Well, apparently the right of an accident victim to be treated fairly by a powerful insurance company is too much to ask. In 1988, the California Supreme Court, by then packed with appointees of conservative Republican governor George “the Duke” Deukmejian, told us in Moradi-Shalal v. Fireman’s Fund, 46 C.3d 287 to forget about what it said in 1979. And get this: citing “undesirable social and economic effects” on the insurance industry (pp. 299,301), Justice Malcom Lucas, who wrote the opinion said the court in Royal Globe, supra, got it wrong.

I don’t get it. It’s socially and economically undesirable for an insurance company to treat an accident victim fairly? Justice Mosk who wrote the decision in Royal Globe, supra, put it best in his dissenting opinion in Moradi-Shalal:

  • “Royal Globe (1979-1988) may it Rest in Peace. During its life it served the people of California well, particularly the victims of unfair and deceptive practices. The majority have now replaced Royal Globe with a ‘Royal Bonanza’ for insurance carriers, i.e., total immunity for unfair and deceptive practices committed on innocent claimants.”

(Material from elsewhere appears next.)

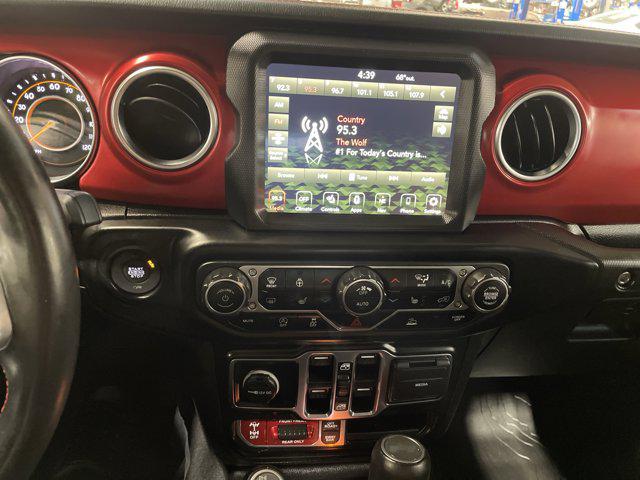 2023 Jeep Wrangler 4-Door Rubicon 4x4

I must admit however, that the issues in Royal Globe and Moradi-Shalal are more detailed then what I present here. But that does not take away from the fact that it was the insurance industry that Justice Lucas simply bent over backwards to protect. But against who? People who were injured because of the negligence of others.

As a plaintiff’s personal injury lawyer my job is to look out for the injured party. In doing so what I ask for, what I demand, is simply that my clients be treated fairly. After all, they are the ones who have been harmed. They are the victims of someone else’s negligence. That’s how our civil justice system is supposed function: assure fair and equitable compensation to the victim. But apparently according to Justice Lucas, affording an accident victim the right to hold an insurance company accountable for its failure to act in good faith and be fair is both socially and economically “undesirable”. Scary. That’s our civil justice system for you. But that’s why I do what I do as a lawyer. We must stand up and fight powerful interests so that the less powerful can be treated fairly. Once again, Justice Mosk put it best in the final statement of his dissent:

  • “The question, unanswered by the majority because it is unanswerable, is why this one industry is entitled to be above the law that applies to every other segment of society. I do not believe it should be, Therefore, I dissent.”